Mortgage finance giants Fannie Mae and Freddie Mac will pay the federal government $10.2 billion more in dividends for their 2008 rescue after both firms reported first-quarter profits Thursday.
With the payments, the companies will have sent $213.1 billion in dividends to the Treasury. The amount more than offsets the $187.5 billion that was pumped into Fannie Mae and Freddie Mac to keep them from failing after the housing market crash and financial crisis.
FOR THE RECORD
An earlier version of this post said Fannie Mae and Freddie Mac received $187.5 from the Treasury. The companies received $187.5 billion.
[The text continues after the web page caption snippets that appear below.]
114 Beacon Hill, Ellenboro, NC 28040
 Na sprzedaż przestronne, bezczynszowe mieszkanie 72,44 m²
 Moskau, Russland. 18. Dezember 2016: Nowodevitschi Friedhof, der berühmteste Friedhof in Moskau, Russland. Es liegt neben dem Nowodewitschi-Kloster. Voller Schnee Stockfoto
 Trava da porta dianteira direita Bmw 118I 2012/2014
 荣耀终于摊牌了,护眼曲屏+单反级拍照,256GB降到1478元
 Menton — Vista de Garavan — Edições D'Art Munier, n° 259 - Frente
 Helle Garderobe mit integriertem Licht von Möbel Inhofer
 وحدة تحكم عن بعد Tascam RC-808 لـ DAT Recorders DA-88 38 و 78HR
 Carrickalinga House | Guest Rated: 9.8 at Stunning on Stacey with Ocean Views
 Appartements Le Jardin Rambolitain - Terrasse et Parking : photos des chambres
Under terms of the bailout, the dividend payments do not reduce the amount of money the companies owe to taxpayers.
But as the housing market has rebounded, Fannie Mae and Freddie Mac have returned to profitability and been able to send large checks to the federal government every three months.
Still, the Senate and House are considering legislation to shut down Fannie and Freddie as part of an overhaul of the housing finance system.
Fannie Mae posted a $5.3-billion profit for the first three months of the year, down from $6.5 billion in the fourth quarter of 2013.
The company will pay $5.7 billion in dividends to the Treasury, bringing its total to $126.8 billion. Fannie Mae received $116.1 billion in taxpayer money.
The first-quarter profit, the company's ninth straight, was boosted significantly by $4.1 billion in settlements of lawsuits with banks related to bad mortgages the firm guaranteed during the subprime housing boom.
Fannie Mae Chief Executive Timothy J. Mayopoulos said Thursday that the company expected to remain profitable "for the foreseeable future."
"We expect our annual earnings to remain strong over the next few years but substantially lower than what we experienced in 2013," he said. Fannie posted a record $84 billion in profit last year.
The housing market has slowed and home prices are expected to increase only modestly this year. Mayopoulos noted that prices rose 8.5% in 2013 but just 0.4% in the first quarter.
"We do expect home price growth to continue, but the rate will be lower nationally," he said.
Freddie Mac reported a $4-billion first-quarter profit Thursday, down from $8.6 billion in the fourth quarter. It was the company's 10th straight quarterly profit.
Legal settlements of $4.5 billion helped the company stay profitable.